↓↓↓

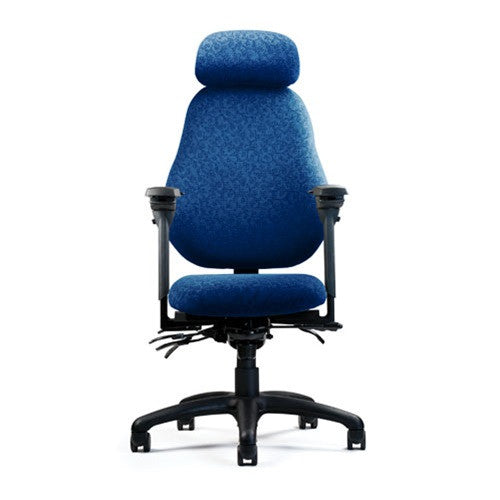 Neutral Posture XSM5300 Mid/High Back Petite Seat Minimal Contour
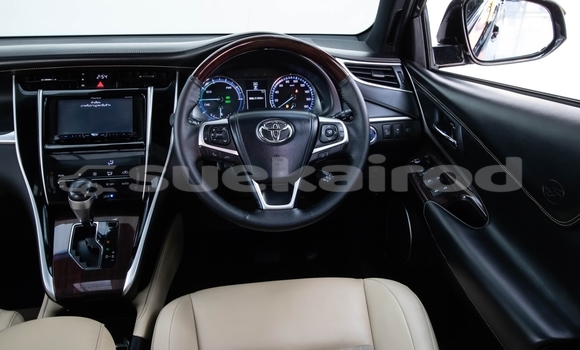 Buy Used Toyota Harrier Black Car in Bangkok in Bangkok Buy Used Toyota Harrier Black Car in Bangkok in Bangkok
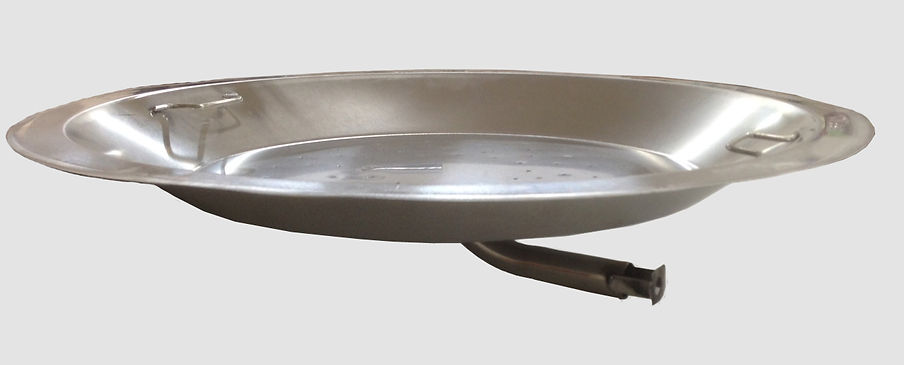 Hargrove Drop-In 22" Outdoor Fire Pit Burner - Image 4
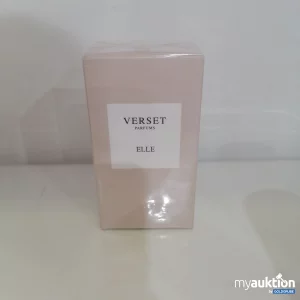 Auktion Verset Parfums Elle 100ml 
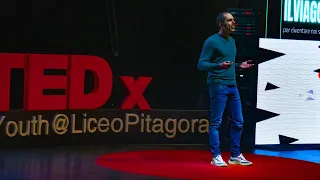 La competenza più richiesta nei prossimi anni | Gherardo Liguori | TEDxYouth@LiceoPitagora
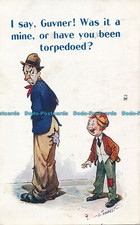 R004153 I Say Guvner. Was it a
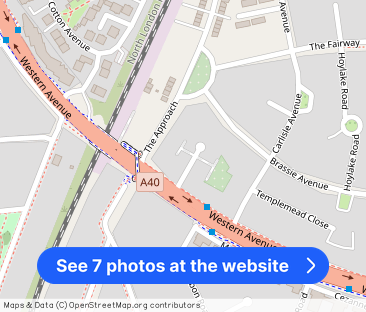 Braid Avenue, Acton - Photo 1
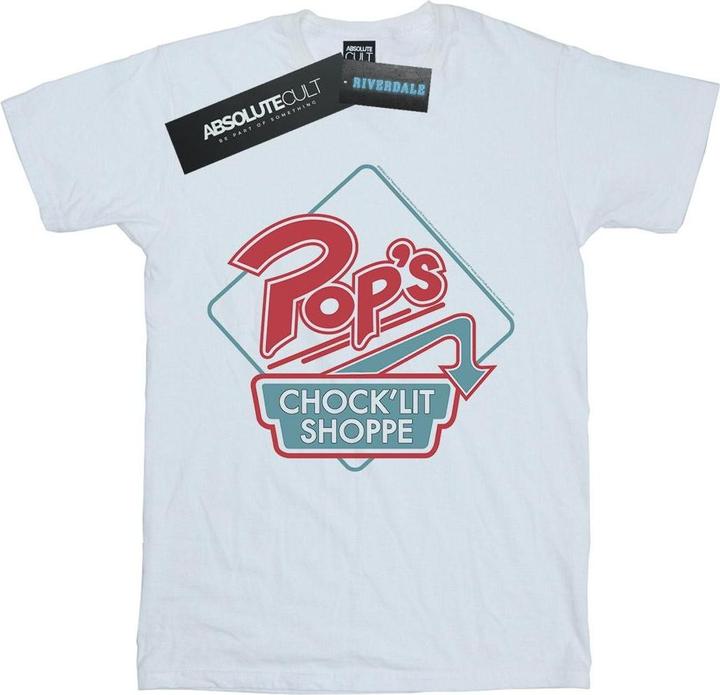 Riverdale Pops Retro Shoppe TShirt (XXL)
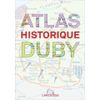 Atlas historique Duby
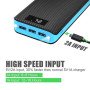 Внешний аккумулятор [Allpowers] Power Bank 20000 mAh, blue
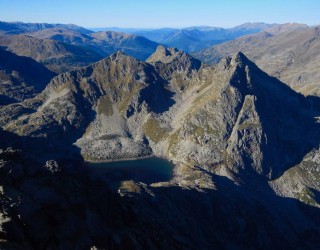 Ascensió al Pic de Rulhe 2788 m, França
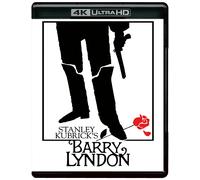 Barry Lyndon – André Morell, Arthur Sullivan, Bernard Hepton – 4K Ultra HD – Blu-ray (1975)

↑↑↑

Work instruction: Print, without pictures, exactly the lines from the one containing "Atlas historique Duby" through the final line of the records above.

Reply to the task:
 Atlas historique Duby
 Внешний аккумулятор [Allpowers] Power Bank 20000 mAh, blue
 Ascensió al Pic de Rulhe 2788 m, França
 Barry Lyndon – André Morell, Arthur Sullivan, Bernard Hepton – 4K Ultra HD – Blu-ray (1975)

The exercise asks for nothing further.